Pedro Sánchez ha decidido tomar el Congreso por el pito del sereno. La expresión es exacta: darle a alguien o algo poca o ninguna importancia.
El punto más sustancial de su comparecencia era la nueva correlación de fuerzas en la Cámara Baja tras la ruptura de Junts con el PSOE, un escenario que aboca al Gobierno a la inacción legislativa.
Sánchez se refugia en el papel de líder de la oposición a la oposición
Alguien debió de recordarle a Sánchez que no hay mayor desprecio que el de no hacer aprecio. Dicho y hecho. El presidente del Gobierno discurseó como si nada hubiera cambiado. Como si Junts no fuese más que un niño que hoy te ajunta y mañana no en el patio del colegio. ¡Ya se le pasará la pataleta a Puigdemont, que a los críos no hay que darles más importancia! Esta ha sido, en resumen, la respuesta de Sánchez al órdago de Junts.
¿Me dejáis en minoría en el Congreso? Pues que sepáis, Carles y Miriam, que me trae sin cuidado vuestra decisión. Estamos ya en la segunda mitad de la legislatura y no tenéis margen de maniobra, porque no podéis sumaros a una moción de censura. Ahí os pudráis, si esa es vuestra decisión, en la insignificancia del rincón de la oposición. Naturalmente Sánchez no dijo estas cosas. Pero a buen entendedor pocas palabras sobran.
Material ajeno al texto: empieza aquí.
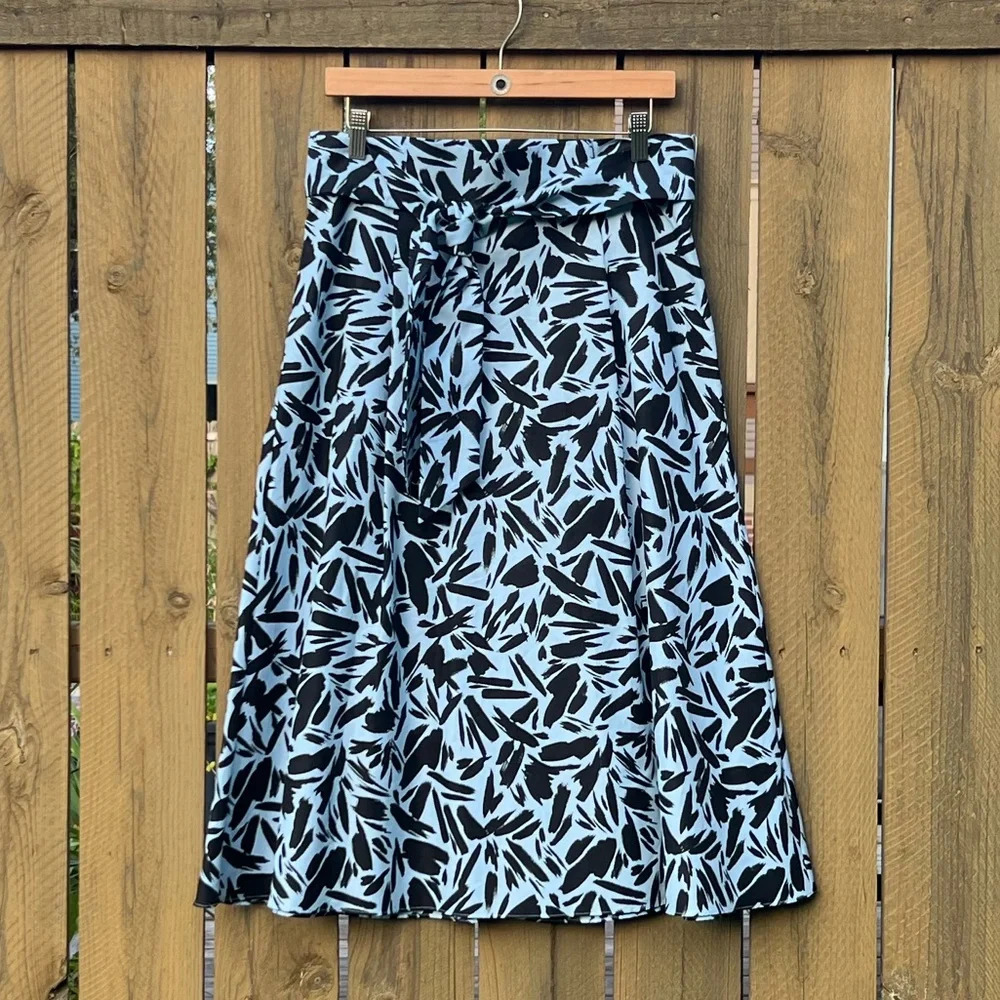 Veronica Beard Brushstroke Patterned Blue Midi Sk… - image 1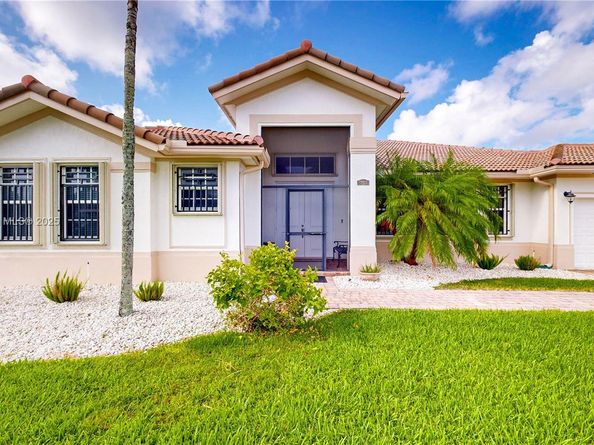12922 SW 221st St, Miami FL 33170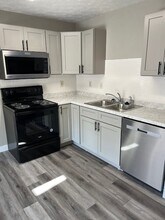 176 Littleton St, Unit 11 in West Lafayette, IN - Foto de edificio - Building Photo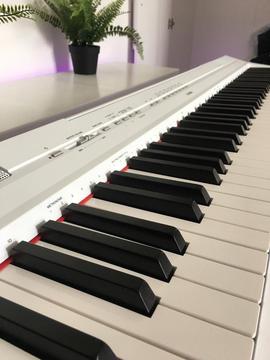 Yamaha P115 electric keyboard (white)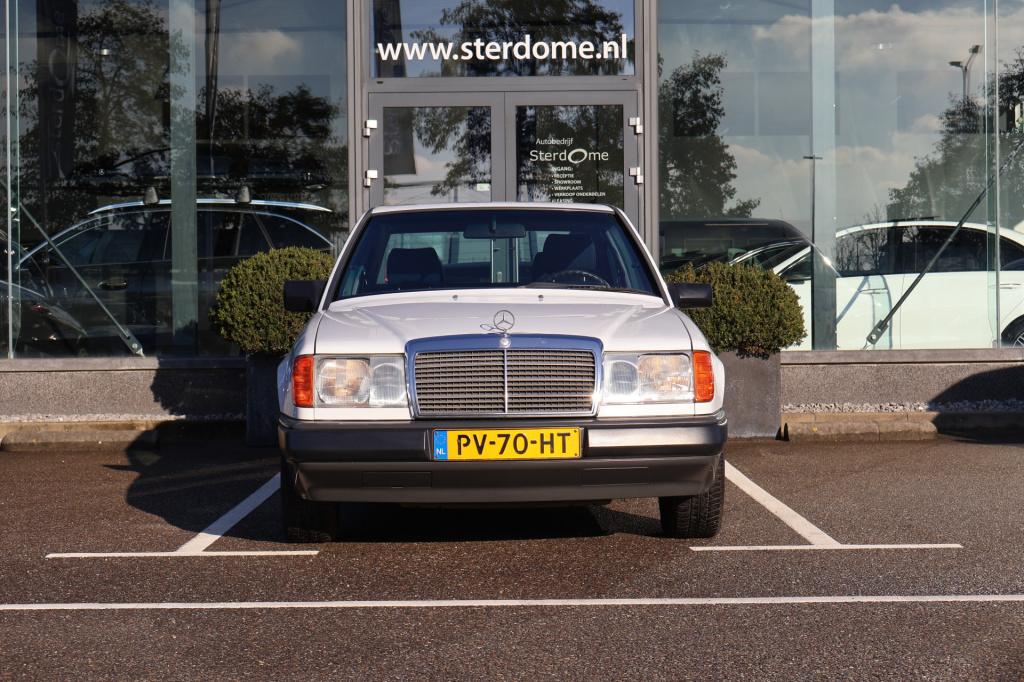 Mercedes-Benz 200 200-500 (w124) 260 e l 6 cilinder l nederlandse auto l bo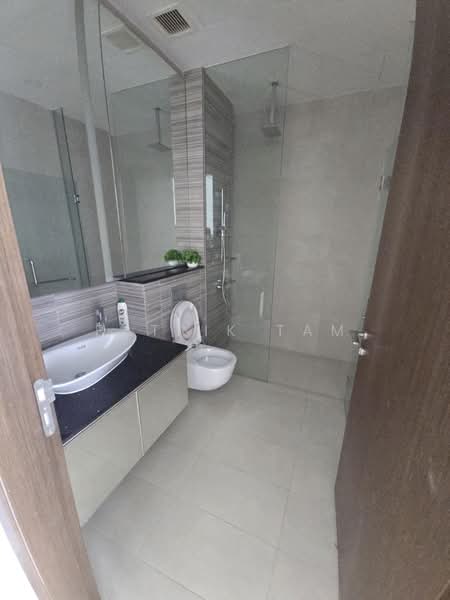 Kallang Riverside, 51 Kampong Bugis, 1 Bedroom, 517 sqft, Condominium For Sale, by Patrik Tam, 500221318 - Bathroom - PropertyGuru.com.sg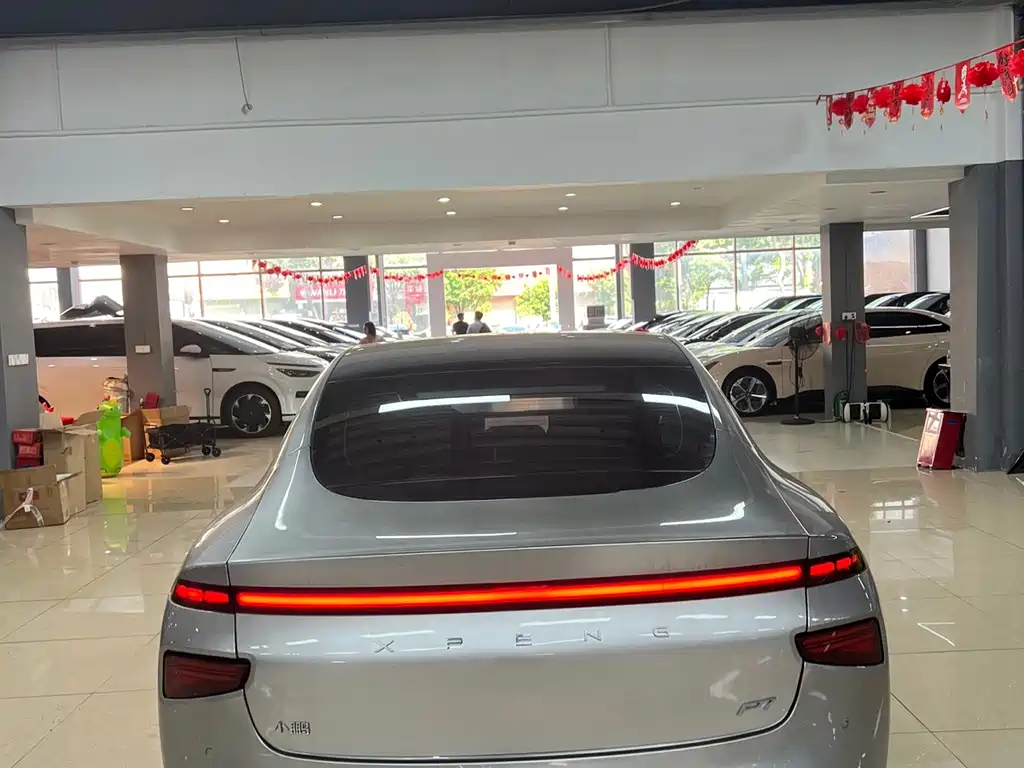 XPeng P7 — миниатюра 6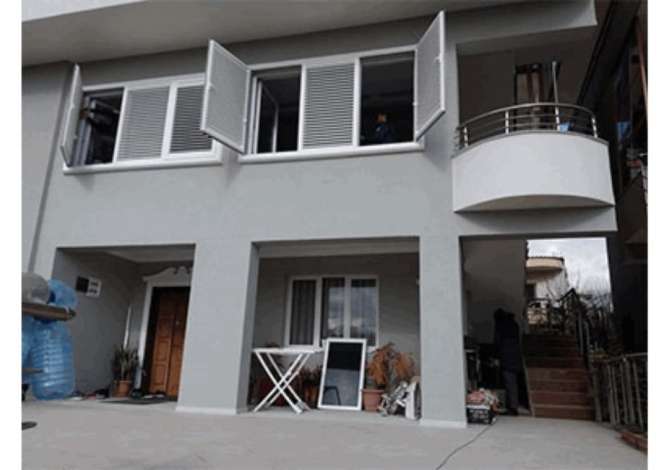 Kompani ndertimi ofron rikonstruksione, punime duralumini, plastike, fasada xhami etj.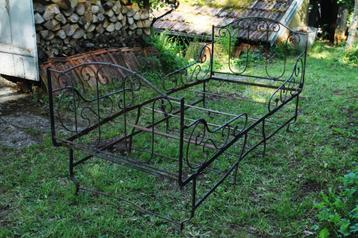 Antiek Bed Brocante Smeedijzer Vintage Frankrijk  beschikbaar voor biedingen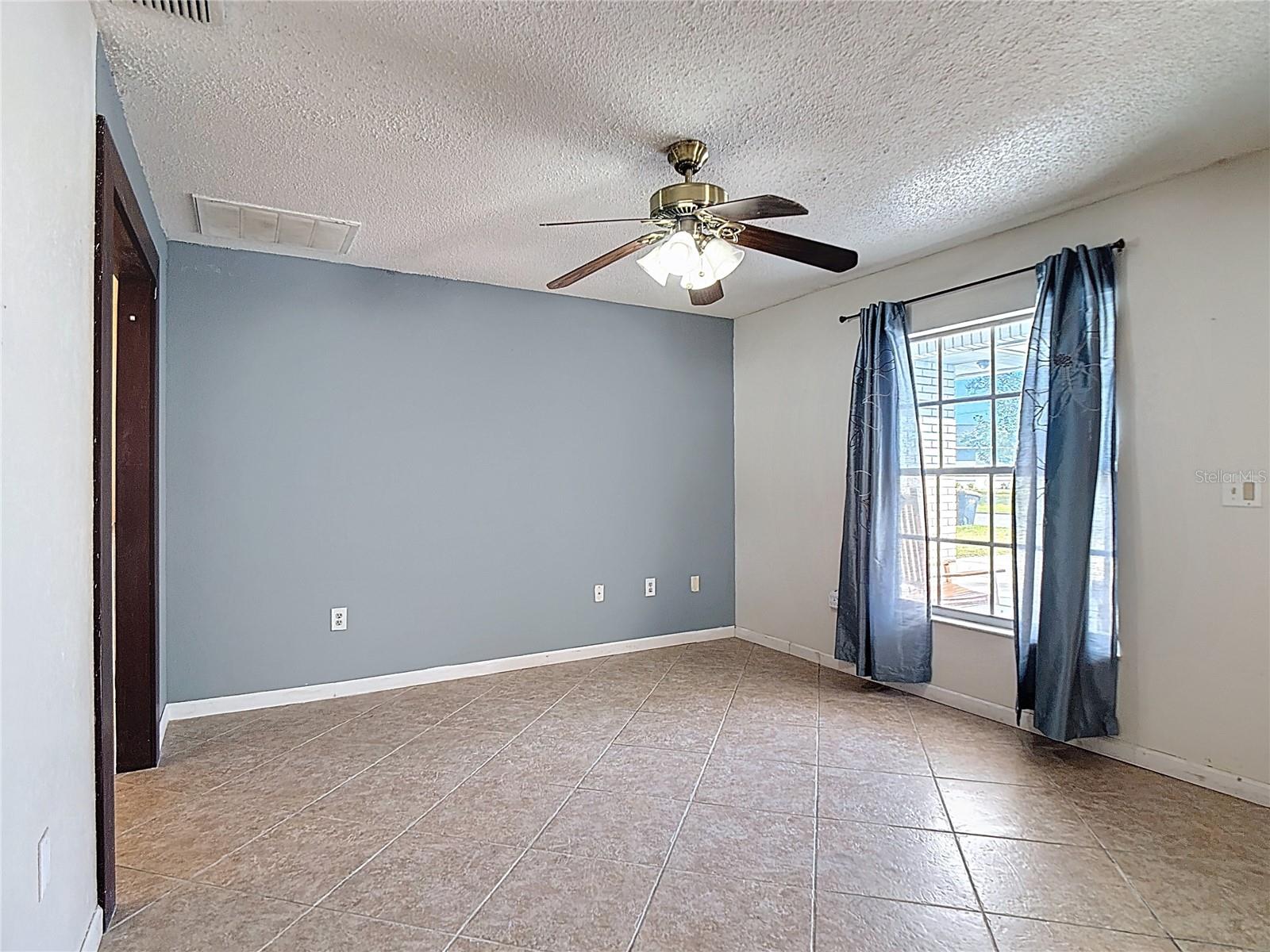 Image 5 of 30 For 149 Summer View Circle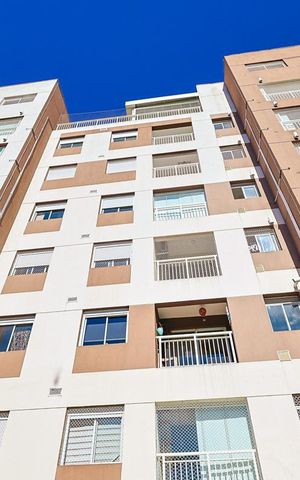 Apartamento para alugar com 56m², 2 quartos e sem vaga Apartamento para alugar com 56m², 2 quartos e sem vagaFachada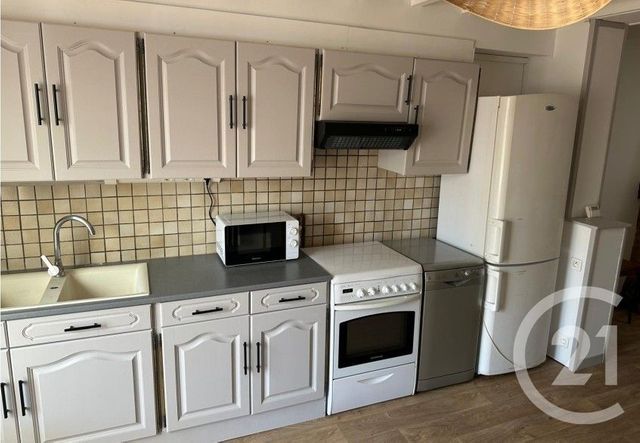 Appartement T2 à louer - 2 pièces - 45.0 m2 - BEGLES - 33 - AQUITAINE - Century 21 A.M.L.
Feijóo ayer en el Congreso
Hay en esta actitud un fraude democrático de primer nivel. Ni una palabra de presupuestos ni una referencia a cómo se gobierna un país con un Congreso dispuesto a tumbarle a uno cuantas iniciativas presente. La comparecencia de Sánchez fue, pues, la de un monarca forjado a la antigua, alguien que no se debe ni a Dios ni al diablo, solo a sí mismo. Una realidad en la que solo cuenta uno mismo y en la que todos y todo lo demás no son más que un atrezo en una función en la que solo cabe un protagonista.
El miedo al autoritarismo futuro de la derecha que propaga el presidente como blindaje moral deja de ser creíble en estas circunstancias. Si uno esquiva el mandato democrático de deberse al parlamentarismo, no hay nada que pueda echarle en cara a los otros. Y no, no puede normalizarse que en una legislatura no se apruebe un solo presupuesto ni que a partir de ahora la mayoría de las leyes que impulse el
Gobierno no puedan salir adelante. Pero, sobre todo, lo que no puede normalizarse es que no se dedique ni un solo minuto a cómo piensa revertirse esta situación.
Ni moción de confianza, ni esfuerzo alguno por atraer a Junts de nuevo a la órbita de la ya extinta mayoría de investidura ni elecciones. Sánchez oye llover y se refugia en el papel de líder de la oposición a la oposición. El Congreso, convertido en un animado corral de comedias, pero al que se sustrae por la vía de los hechos su función de renovar la legitimidad de partida de cualquier gobierno. Porque España, que se sepa, no es una república presidencialista todavía, aunque Sánchez haya decidido comportarse como si lo fuera.
Por higiene parlamentaria y por coherencia, la comparecencia de Sánchez
debía ser en esta ocasión algo distinto, puesto que el escenario de mayorías y minorías ha mutado por indicación de Waterloo. Es él quien gobierna. Y es él quien tiene la responsabilidad de explicar cómo piensa seguir haciéndolo.
Como eso no sucedió, la sesión careció en realidad de interés alguno, salvo
que uno sienta una irrefrenable pasión por los guiones previsibles de las películas televisivas de los domingos por la tarde. Vivienda, cambio climático y corrupción, la baraja entera cortada como siempre y repartida del mismo modo. Palabras grandilocuentes en boca de todos los oradores. El Congreso es a la realidad lo que los datos macroeconómicos al bolsillo de los ciudadanos. Una foto tomada desde demasiado lejos con un teleobjetivo más que mejorable.
La sesión transcurrió por el carril de lo bien, mal o regular que lo hace el Gobierno. El debate propio de la normalidad.
Pero lo que tocaba era esto: ¿cómo se asegura la gobernabilidad de un país en un momento tan exigente como el presente sin contar con los apoyos necesarios para hacerlo? El Congreso, y en particular Sánchez, nos dio la respuesta: fijando la vista en el dedo. ¿Y la luna? A la luna que le den bien dada.